§ **Required action**
Print the lines from the one containing "Педаль порога левая" through the end of the listing below, exactly as written. Any pictures stay out.

§ **Data**

┄┄┄┄┄┄┄┄┄┄┄┄┄┄┄┄┄┄┄┄

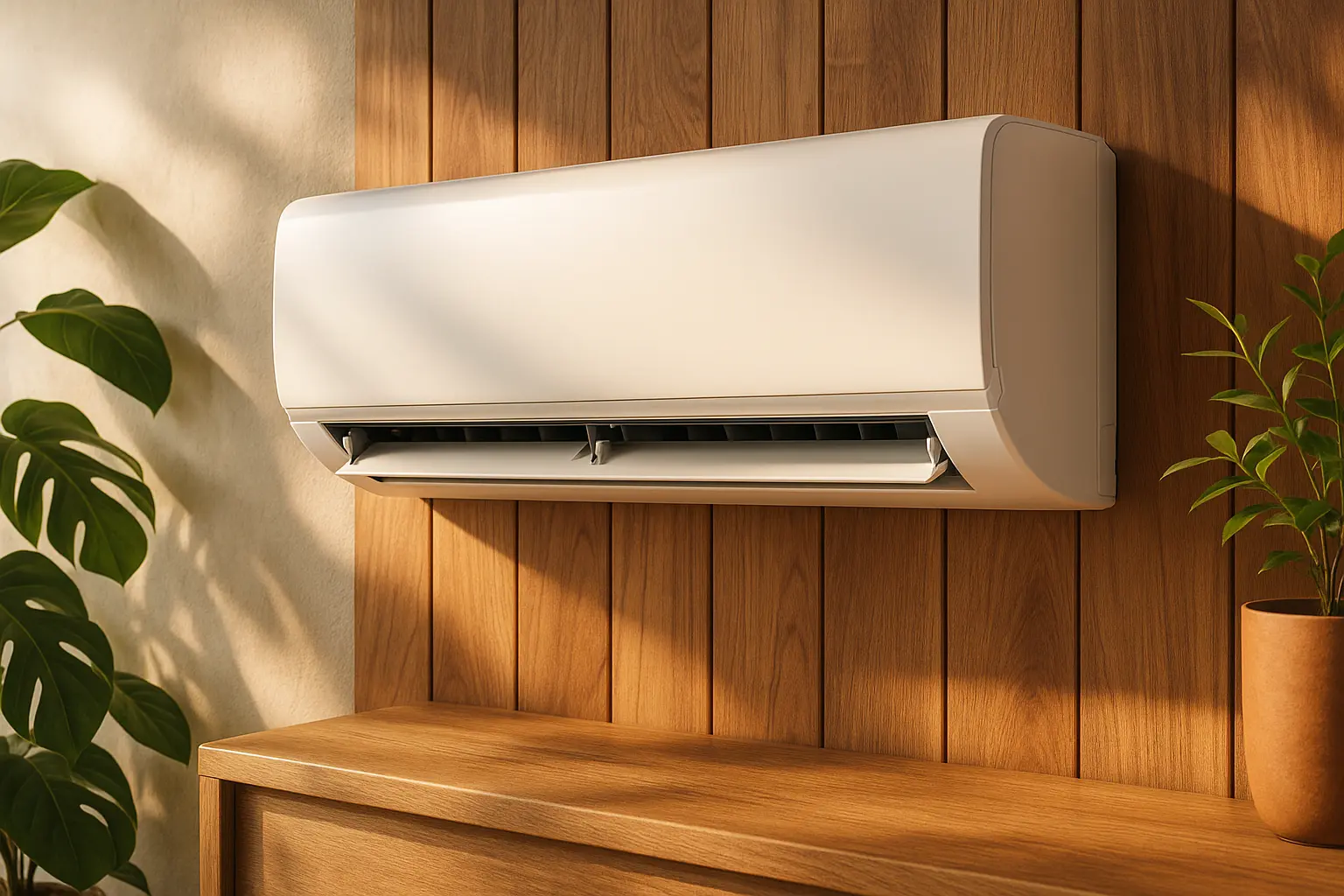 Principais 5 split 12000 btus inverter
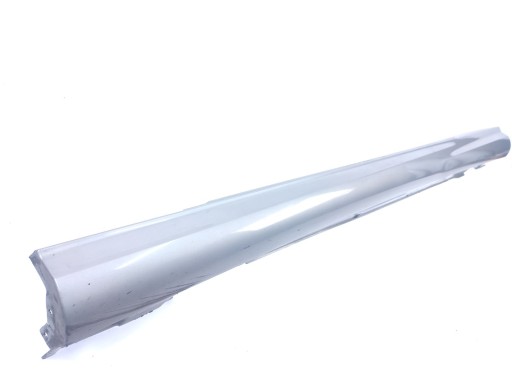 Педаль порога левая MERCEDES C W204 LIFT COUPE 792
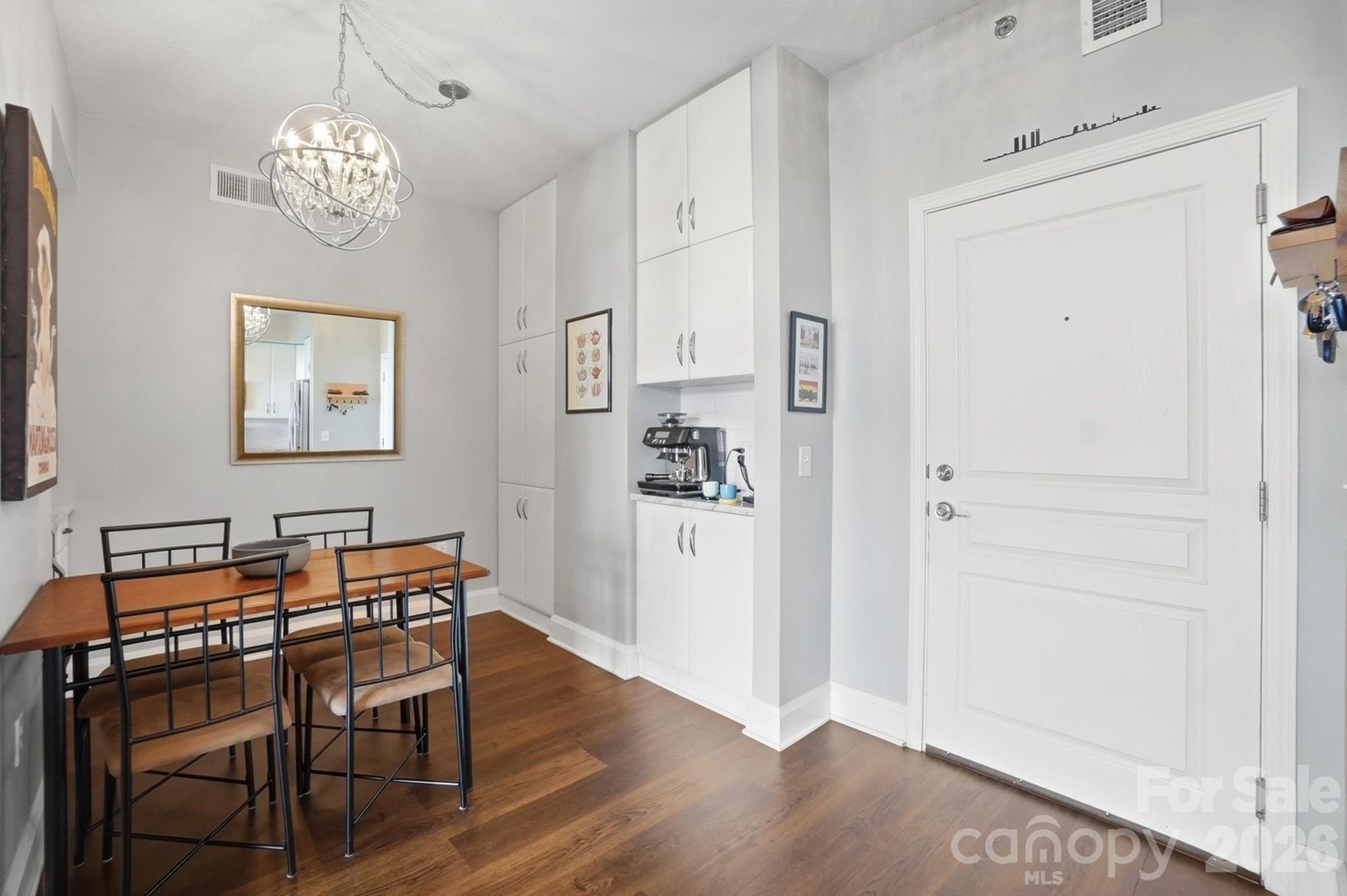 1320 Fillmore Avenue #403 — Charlotte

┄┄┄┄┄┄┄┄┄┄┄┄┄┄┄┄┄┄┄┄

§ **Answer below**
 Педаль порога левая MERCEDES C W204 LIFT COUPE 792
 1320 Fillmore Avenue #403 — Charlotte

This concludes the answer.